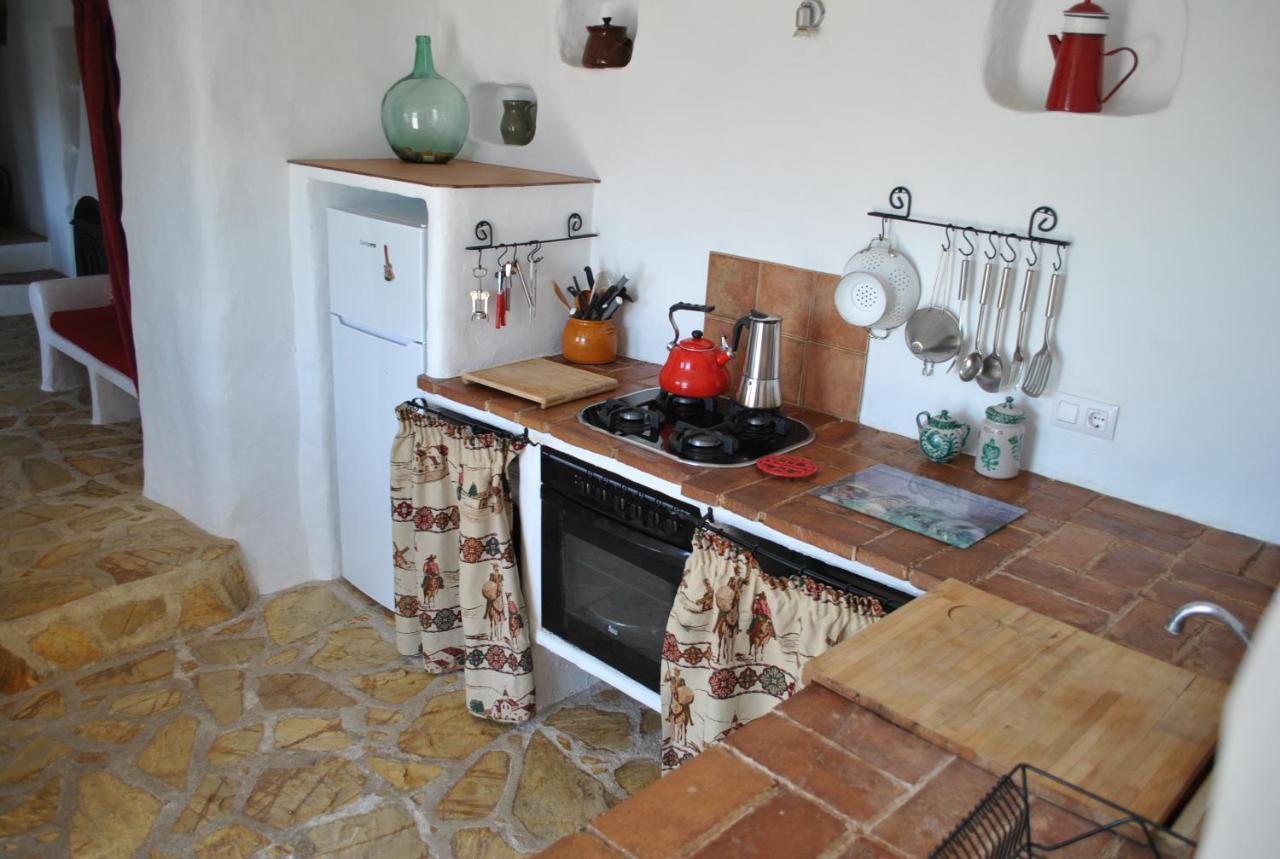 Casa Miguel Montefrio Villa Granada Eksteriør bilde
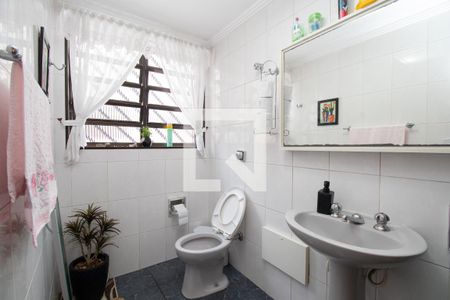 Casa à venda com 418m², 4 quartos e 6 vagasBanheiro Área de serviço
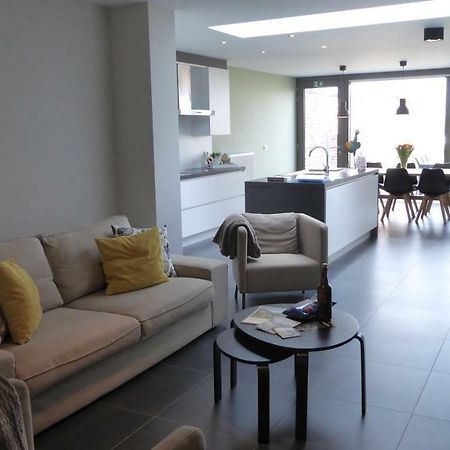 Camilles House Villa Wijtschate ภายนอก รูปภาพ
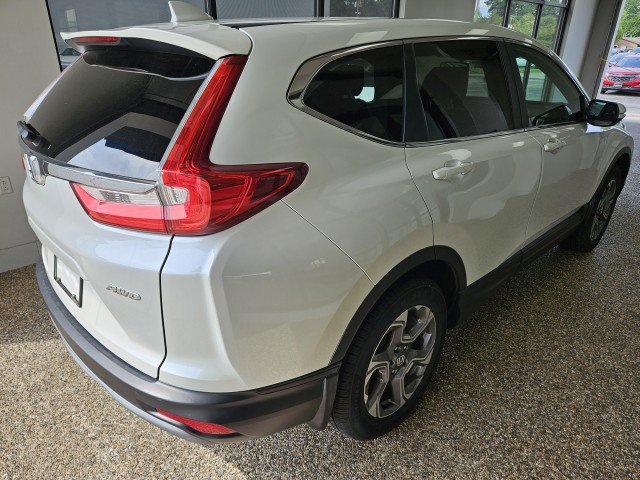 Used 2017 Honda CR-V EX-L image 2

- - -

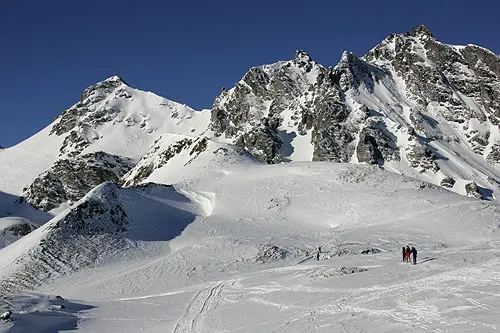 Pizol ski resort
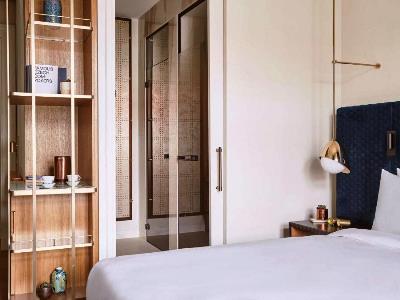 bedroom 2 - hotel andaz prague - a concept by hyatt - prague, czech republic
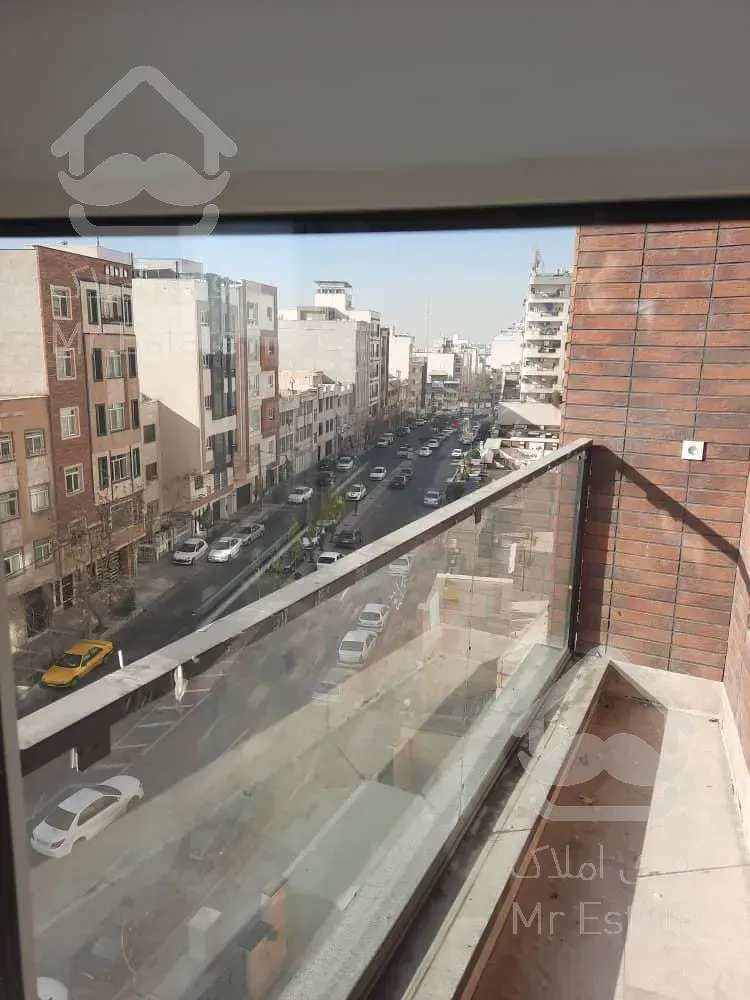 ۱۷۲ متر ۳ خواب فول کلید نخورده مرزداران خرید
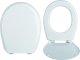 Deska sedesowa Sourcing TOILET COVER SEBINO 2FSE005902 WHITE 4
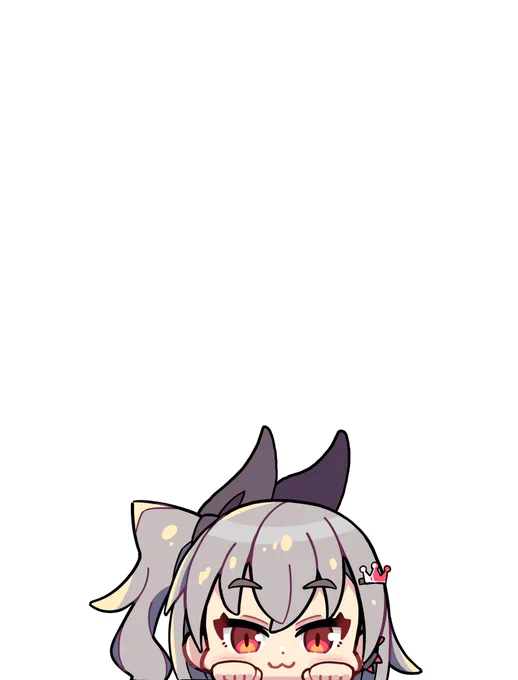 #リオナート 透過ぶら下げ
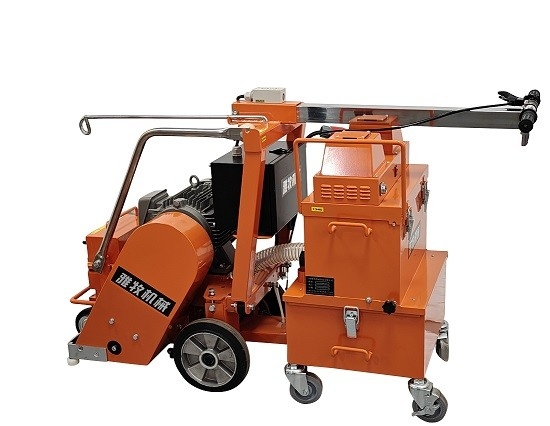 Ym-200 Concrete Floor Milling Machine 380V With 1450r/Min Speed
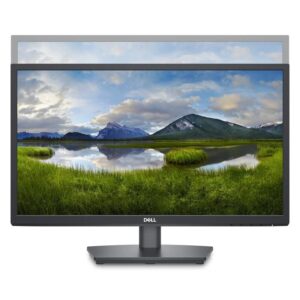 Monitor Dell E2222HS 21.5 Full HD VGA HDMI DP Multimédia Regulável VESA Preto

- - -

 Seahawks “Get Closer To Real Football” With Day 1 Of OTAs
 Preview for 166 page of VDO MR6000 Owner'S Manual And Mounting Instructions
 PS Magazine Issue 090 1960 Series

- - -

Look above for the line with "Deska sedesowa Sourcing" and copy exactly from it through the line with "Monitor Dell E2222HS", both included. Omit the pictures.

 Deska sedesowa Sourcing TOILET COVER SEBINO 2FSE005902 WHITE 4
 #リオナート 透過ぶら下げ
 Ym-200 Concrete Floor Milling Machine 380V With 1450r/Min Speed
 Monitor Dell E2222HS 21.5 Full HD VGA HDMI DP Multimédia Regulável VESA Preto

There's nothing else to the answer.